Frowning, a thought came to Carie. Did she now own the coffee shop as well? She turned back around to face the lawyer; she would need to speak with him after this whole thing was over.
“And that’s all,” the lawyer was saying. “Feel free to get in touch with my firm if you have any questions. Thank you all for attending. I’m sure Ms. Lansbrownie would’ve thanked you all as well.”
Carie stayed in her seat as everyone else stood up and began shuffling down the aisle, exiting the conservatory, but pausing for a moment to glare at her as they walked by.
Every. Single. Person.
When everyone in the conservatory had exited, save for Carie, the lawyer, and the detectives, Carie stood. The detectives and the lawyer approached.
“Congratulations,” Longbaugh said.
“Yeah. Congratulations, Carie,” Schmidt agreed. “You work fast, don’t you?”
“Don’t answer that,” the lawyer said.
Schmidt and Longbaugh both glared at the man, looking as though he’d stabbed them in the back.
“My client has nothing else to say to you,” the lawyer continued. “Further questions can be directed to myself or my firm.”
“Unbelievable,” Schmidt said, shaking her head as she looked at Longbaugh.
“Right?” Longbaugh agreed.
“If there’s nothing else, the door is right there. Goodbye,” the lawyer said, dismissing the detectives and turning to Carie.
“My name is Mark Griffinshield, Esquire,” the lawyer said.
“I’m Carie. Flint. But I guess you knew that,” Carie said.
Mark nodded, waiting for the detectives to exit the conservatory before holding his wrist up to his mouth. “David. The detectives are exiting.”
Mark paused for a moment, seeming to listen to thin air, and then spoke to Carie again. “The detectives have been gathered and are being escorted from the building. As I was saying, my name is Mark. You were saying that your name is Carie.”
Carie nodded, not really knowing what else to say.
“I’m sure this is all coming as a large shock to you,” Mark said.
“It is. I don’t really understand it all either. I just met her several months ago.”
Mark nodded. “We know. She kept detailed records of all of your meetings. She forwarded those meetings along to the firm so that in the event of her untimely death, there would be no question that you’d made an indelible mark on her.”
“Indelible… How though?” Carie asked.
“Her children all left at a young age and never returned. Not really sure why, but they did. Angela seemed to believe that you were a fresh chance to right her wrongs.”
“If she wanted to right her wrongs, why didn’t she just will her estate to her children?”
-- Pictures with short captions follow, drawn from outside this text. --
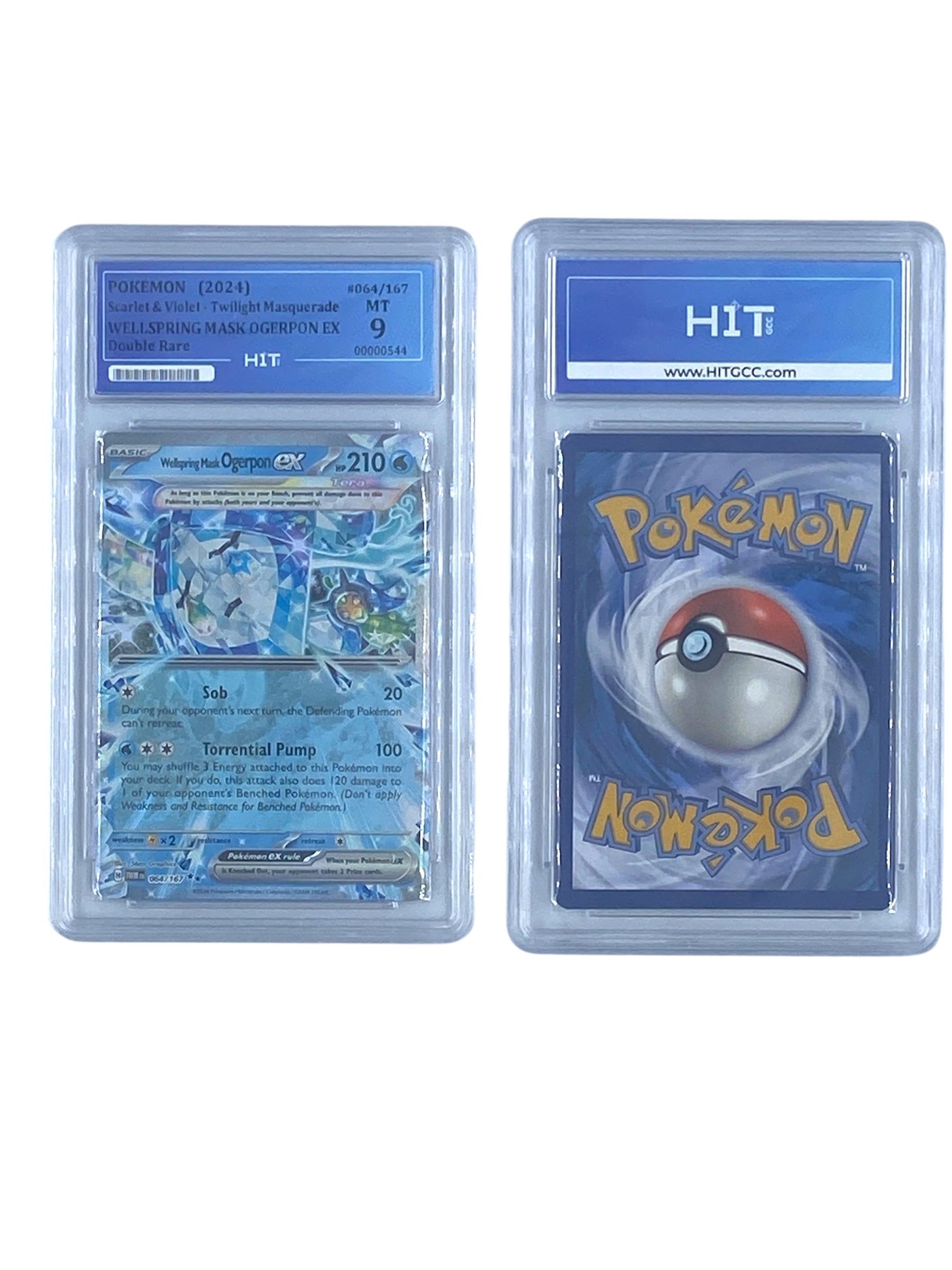 Pokémon Wellspring Mask Ogerpon ex (Scarlet & Violet - Twilight Masquerade) 00000544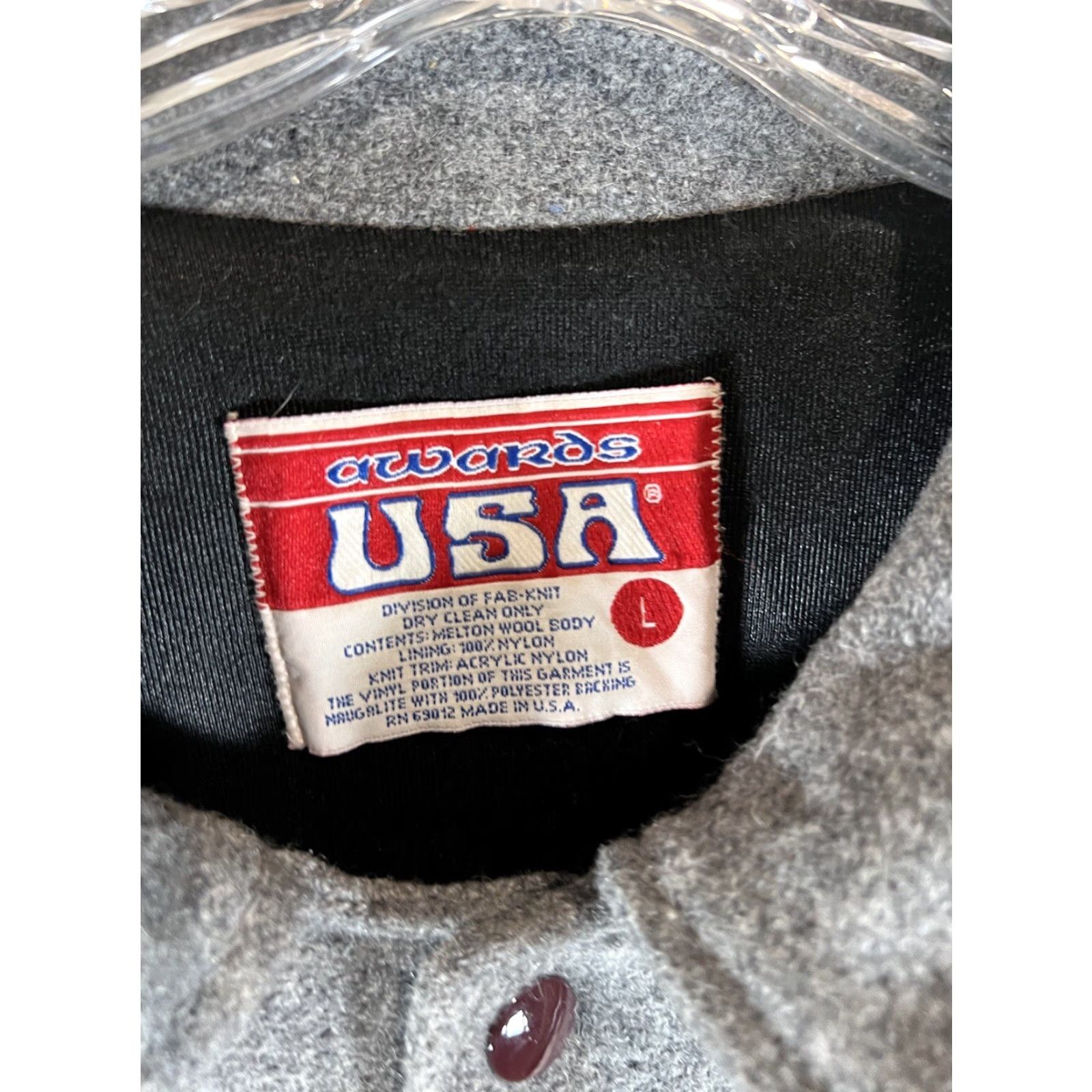 Vintage VINTAGE Lindsay Varsity Jacket Maroon Wool Golf Patches USA Large Men Size US L / EU 52-54 / 3 - 3 Thumbnail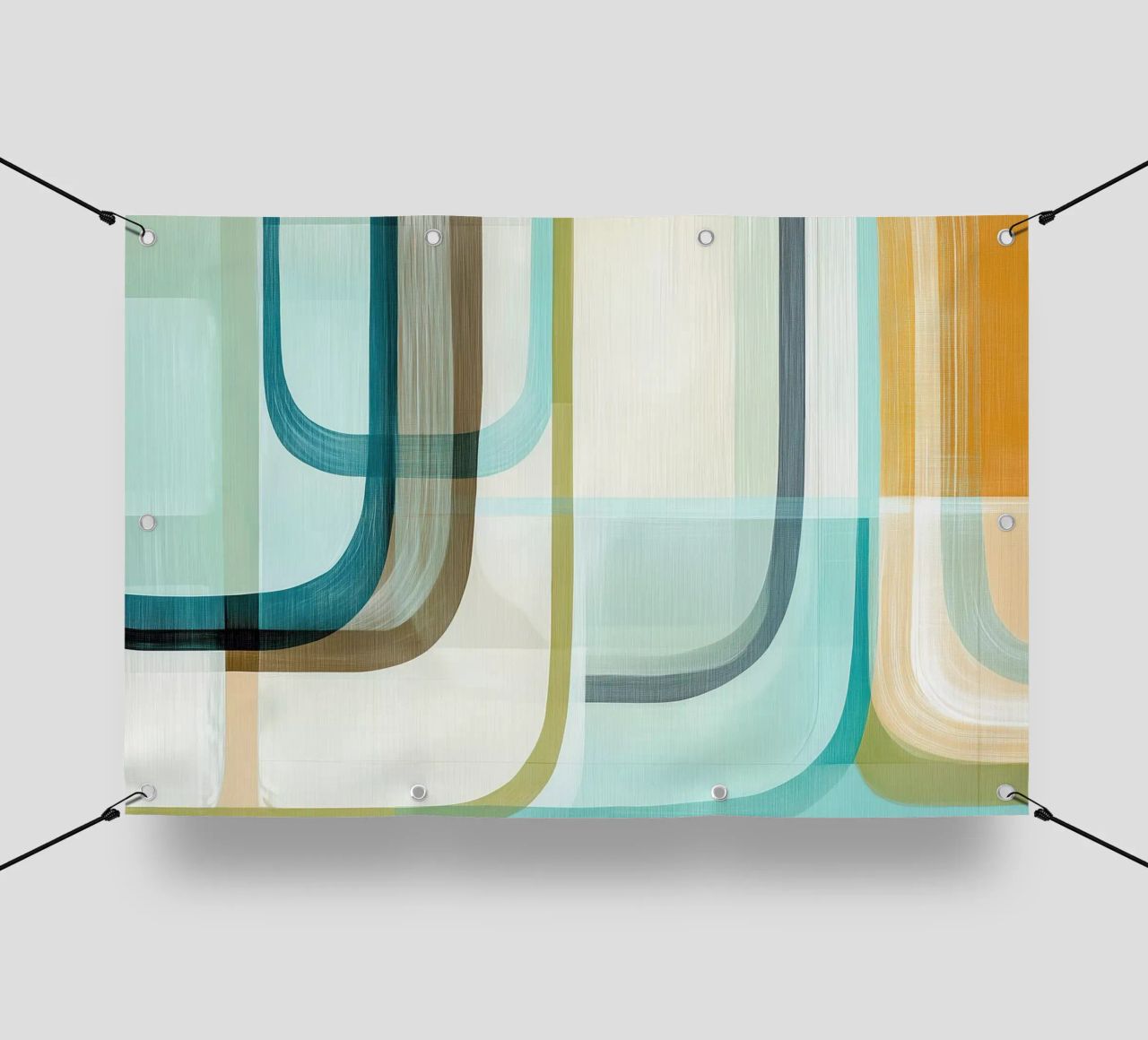 Abstract boho telo in pvc da Imagine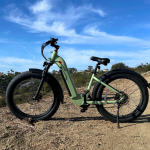 Koa Rev+ 2 Fat Tire E Bike on a dirt trail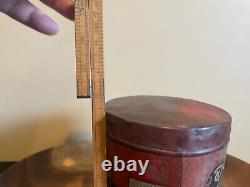 Rare Vintage Possum Round Tobacco Tin Advertising Tin Made USA empty-1469.24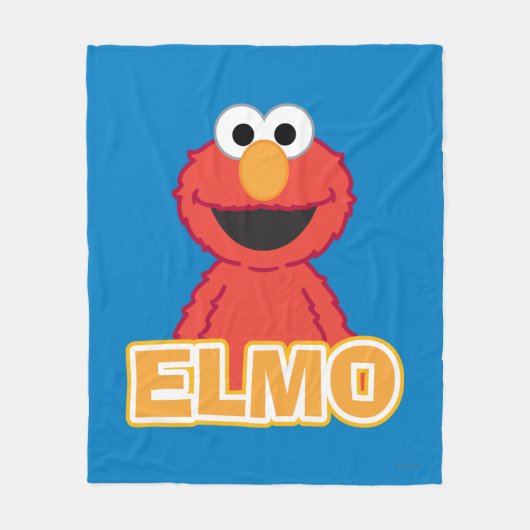 Elmo Classic Style Fleece Deken (Voorkant)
Mark shrugged. “No idea. For whatever reason she never seemed to trust her children. Something to do with the company.”
“Didn’t she tell you?” Mark asked.
And this was it. This was the moment when Carie would have everything taken away from her. When the lawyer would lay it on her that her ice cream shop was never really hers to begin with and that it would be taken away.
“No,” Carie said. “She never mentioned anything about a company. Are you taking the ice cream shop away?”
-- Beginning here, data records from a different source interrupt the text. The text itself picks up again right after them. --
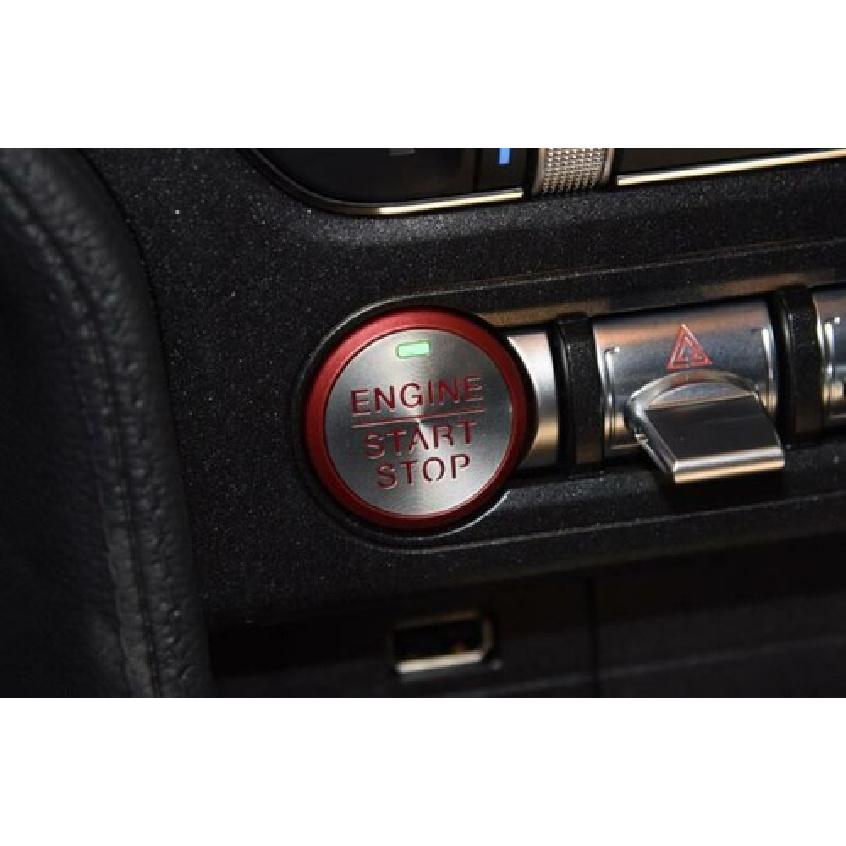 For Ford Mustang 2015- Carbon Fiber One-Click Startup Switch Cover Trim 1PCS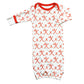 Babysoy Unisex Baby Organic Alphabet Gown Sleepsack Bundlers (06-09 Months, X)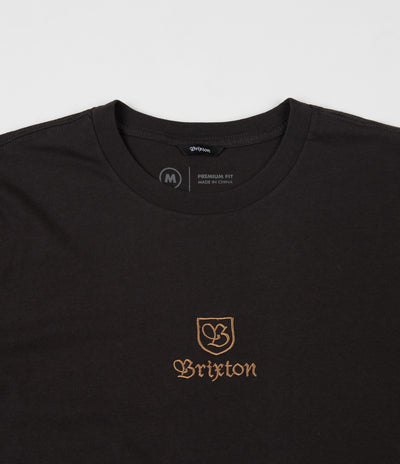 Brixton Main Label II Premium T-Shirt - Washed Black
A small chuckle escaped Mark’s mouth before he regained his composure and spoke. “I apologize for laughing. You’ve actually inherited all of Angela’s companies.”
“I don’t follow. All of them? How many are there?”
“The coffee shop, the ice cream shop, and the crown jewel: the Amor Ice Cream Company.”
Carie felt as though the breath had been punched out of her lungs. Her head swam, but confusion also crept in. The Amor Ice Cream Company was supposedly bankrupt and no longer in existence, how could she be the owner of it?
“Amor Ice Cream Company?” Carie asked, trying to play it cool. “I’ve never heard of that before.”
Mark smiled. “For good reason.”
“What do you mean?” Carie asked.
“As far as anyone else knows, the Amor Ice Cream Company no longer exists.”
“I don’t understand.”
“You will. Let me show you around Rollingwylde and I think you’ll begin to get an idea of what’s going on.”